Quando navegamos na internet e seguimos uma celebridade, temos total 
interesse em saber como essa pessoa se comporta na sua vida pessoal, ou então, 
quando acessamos nossas redes sociais, sempre observamos as postagens de nossos 
amigos. Você já parou para pensar que essas postagens nada mais são do que contos? 
E que quem o postou é o maior protagonista dessa história? 
3.1. Os novos autores da era digital 
Vivemos em um mundo bastante globalizado, com uma grande variedade de 
informações, fontes e recursos. Dessa forma, o ato de se escrever ganha novos 
territórios, construindo novas relações de comunicação, já que podemos postar 
conteúdos em blogs e redes sociais a qualquer momento para qualquer pessoa. 
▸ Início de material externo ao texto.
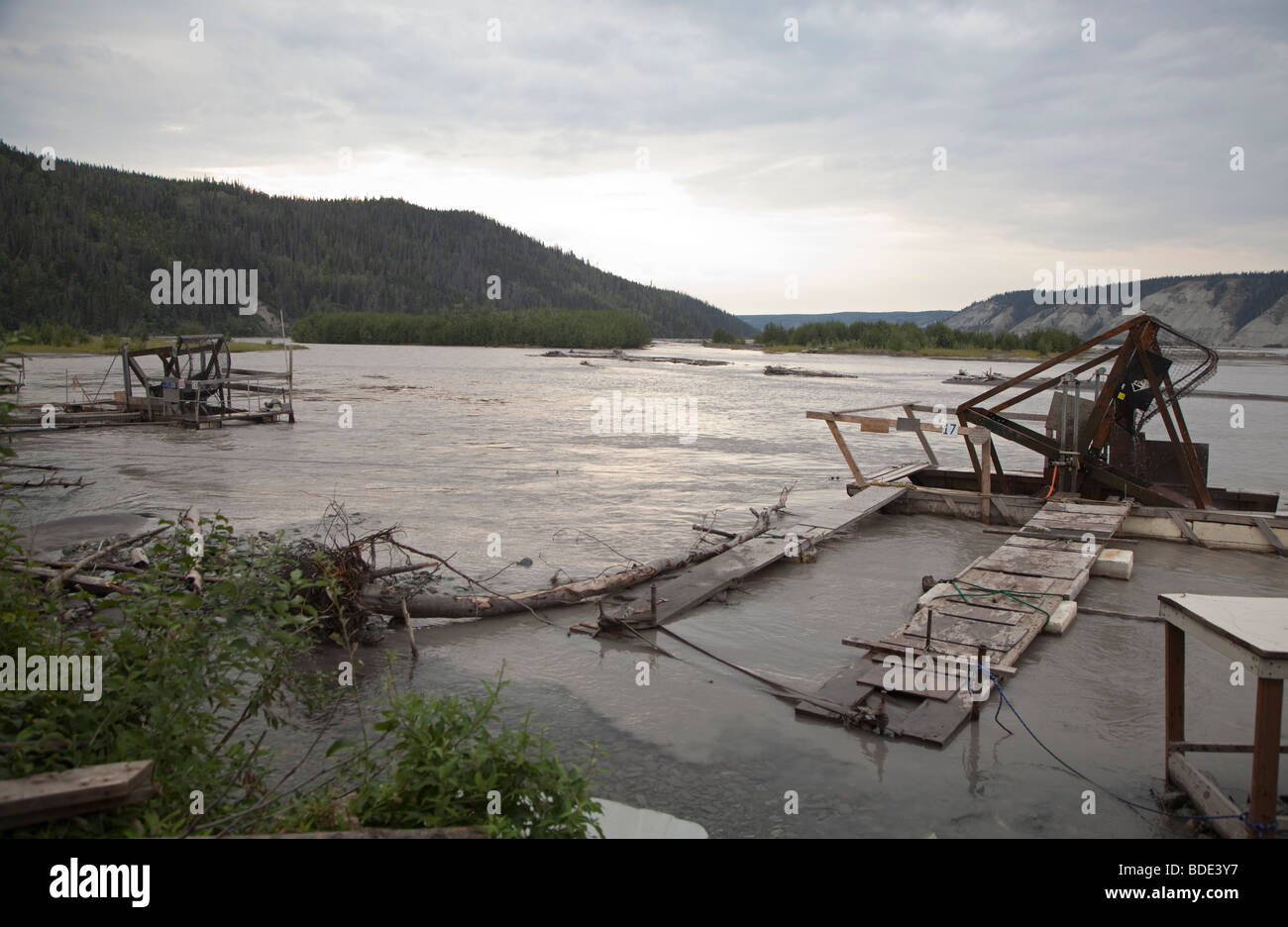 Fisch-Räder auf Copper River in Alaska Stockfoto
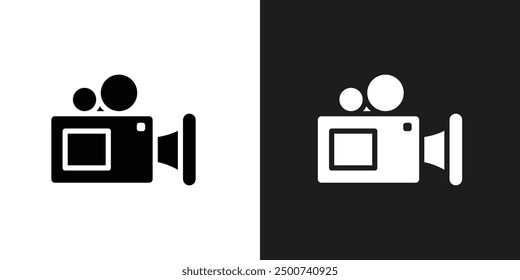 Video camera icon line art vector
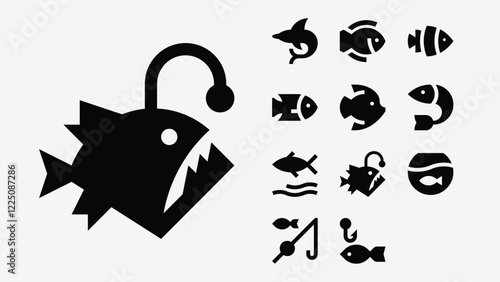 Minimalist Fish Solid Icons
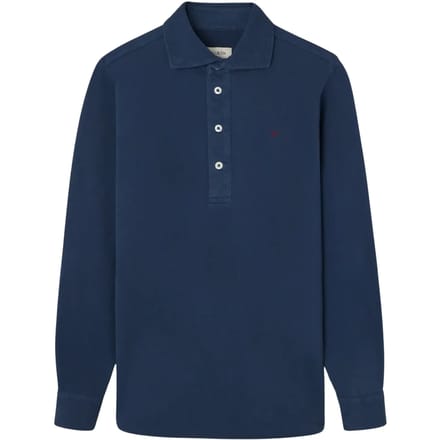 Polo met lange mouwen en knoopkraag Silbon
Nesse sentido, temos os os famosos blogueiros e youtubers, que são, no nível 
mais popular e massificado da cultura, os predominantes produtores de conteúdos de 
e sobre “literaturas” digitais. Nos dias de hoje, a comunicação digital tem ganhado 
cada vez mais espaço no tocante aos nossos hábitos de leitura. Frequentemente 
estamos lendo postagens de nossos amigos de redes sociais, trocamos mensagens 
instantâneas em celulares, assistimos aos vídeos dos nossos canais favoritos e lemos 
blogs na internet do que pegamos um livro para ler. Esse costume deve-se pela correria 
do cotidiano e a disponibilidade digital. 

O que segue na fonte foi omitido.